Cities are often blamed as the biggest producers of greenhouse gases - a worry as the world urbanizes - but planning can help
LONDON (AlertNet) – Cities are often blamed as the biggest producers of greenhouse gases, a concern for efforts to curb climate change as the world becomes increasingly urbanized.
But a new study shows wide differences in carbon emissions from cities and neighborhoods around the world, and suggests that thoughtful urban planning as cities expand could play a big role in limiting carbon emissions.
“How urban areas expand in the next 30 years has big implications for whether we reduce emissions or not,” said David Satterthwaite, an urban specialist at the London-based International Institute for Environment and Development and editor of the journal Environment and Urbanization, which will publish the new study in April.
The driving-oriented U.S. city of Denver, for instance, has greenhouse gas emissions of 21.5 tonnes per capita each year, but Porto Alegre, a pleasant, well-run southern Brazilian city with a life expectancy similar to cities in Europe or North America, emits just 1.5 tonnes of carbon per capita.
In part that’s because Brazil gets much of its power from hydroelectric plants.
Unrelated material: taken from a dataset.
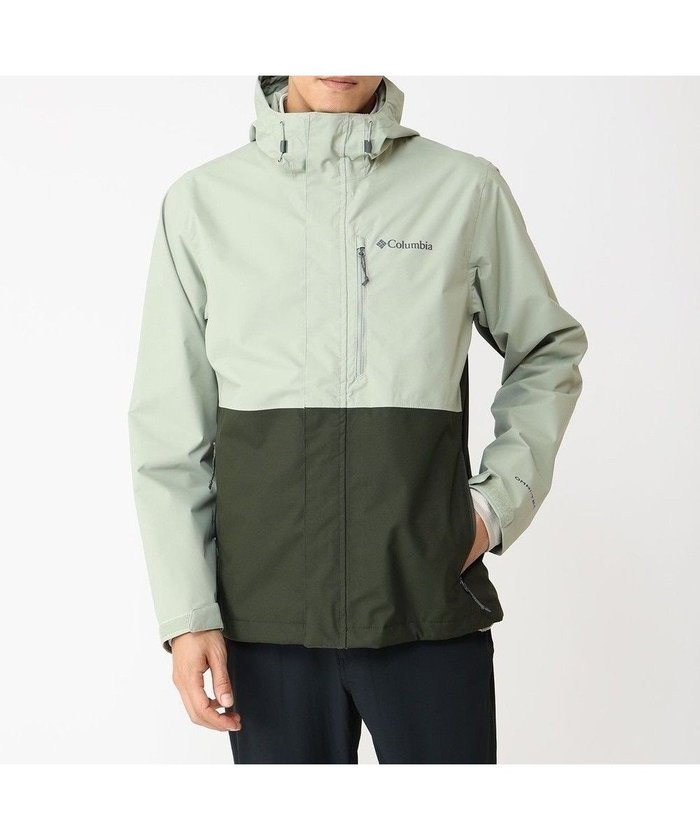 【コロンビア/Columbia / MEN】のColumbia/ ハイクバウンドIIジャケット /コロンビア インテリア・キッズ・メンズ・レディースファッション・服の通販 founy(ファニー) https://founy.com/ ファッション Fashion メンズファッション Fashion for Men アウター Men's Coats Outerwear ブルゾンジャケット / カジュアルアウター Bomber Jackets & Blousons アウトドア Outdoor Clothing クラシカル Classical, Vintage-Inspired シンプル Simple, Minimal ジャケット Jacket, Outerwear フロント Front, Front Design ブルゾン Blouson, Bomber Jacket ブロック Block, Solid Block Pattern ポケット Pocket, Pocket Detail メッシュ Mesh, Net Fabric ライニング Inner Lining, Inner Fabric, Lined ロング Long, Long-Length A/W・秋冬 Autumn/Winter S/S・春夏 SS, Spring/Summer, Warm Season 夏 Summer |ID: prp329100004678067 ipo3291000000033796814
But Porto Allegre’s compact design and good public transportation appear to have played a key role in holding down emissions, Satterthwaite said.
In fact, Porto Alegre’s emission levels are similar to those in many less-developed major cities in South Asia – New Delhi, Dhaka and Colombo among them – which suggests that well-designed urbanization may help curb emission increases even as consumption levels and electricity use expand.
“Cities worldwide are blamed for most greenhouse gas emissions but many cities have very low emissions,” said Daniel Hoornweg, a specialist on cities and climate change with the World Bank and lead author of the study, “Cities and greenhouse gas emissions: moving forward.”
DENSITY, TRANSPORT ACCESS ARE KEY
So what do cities need to focus on to hold down emissions while growing and raising levels of development? Creating a relatively dense structure, putting in place good public transportation systems and ensuring residents can walk or bicycle to many services they need without having to drive or even take public transport, Satterthwaite said.
Study data from Toronto show neighborhoods with such design have emissions 10 times lower than other parts of the city, Satterthwaite said.
More than half of the world’s population today lives in urban areas, and urban zones produce more than 71 percent of the world’s energy-related greenhouse gas emissions, according to the International Energy Agency. That percentage is expected to rise to 76 percent by 2030, according to agency estimates.
Those numbers suggests “cities are the optimum scale for … action on climate change mitigation,” says the new study, which looks at emissions from 100 cities in 33 nations.